Ha, ha, Rick. Everyone in Sweden (Europe) uses the superior ISO date standard. Every Swedish form uses it, and our personal ID numbers use it plus an algorithmic final code.
Besides I used to write/translate/work with scientists, and at one point in my and the (Swedish) computer's youth was a very, very, very minor reference for the Swedish institute for standards, SIS, that coined (and coins) new words and procedures as needed, such as
rullbräda (roll plank) for skateboard and
freestyle (yes, it's the Swedish term) for portable audio cassette, popularly known by the trademark Walkman (terms I was
not involved in) and
dator for computer (
-or as in motor + data, in inverse order) rather than the term datamachine which was gaining a foothold in the language.
Technical nomenclature is a fascinating subject. I digress.
For our (Swedish) date designations, one
logically starts with the highest number and proceeds downward the order of magnitude to the required precision: century (CE, Common Era), year, month, day, hour (24 hour designation, not a.m. & p.m.), minute, second.
Then comes the ISO metric designations for time less than a second: decisecond, centisecond, millisecond, microsecond, nanosecond, picosecond, attosecond, zeptosecond, yoctosecond.
ISO is so
logical.

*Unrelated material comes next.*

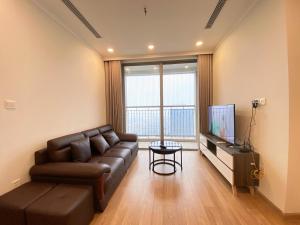 a living room with a leather couch and a television at Vinhomes Gardenia 16 Hàm Nghi,Mỹ Đình,Nam Từ Liêm in Hanoi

Unlike the confusing American system of pounds and miles, we use the easy metric systems for weight and distance so that even a child can quickly get a grasp on magnitude. Even me, a mathematical idiot.
Though I dispute the Jonathan Swift reference here, the article does give you an idea of how everybody's out of step but Charlie. (
)
http://www.theguardian.com/news/data...before-the-day
You
are a science/business writer, Rick. No?
PS What made you think I am a radical.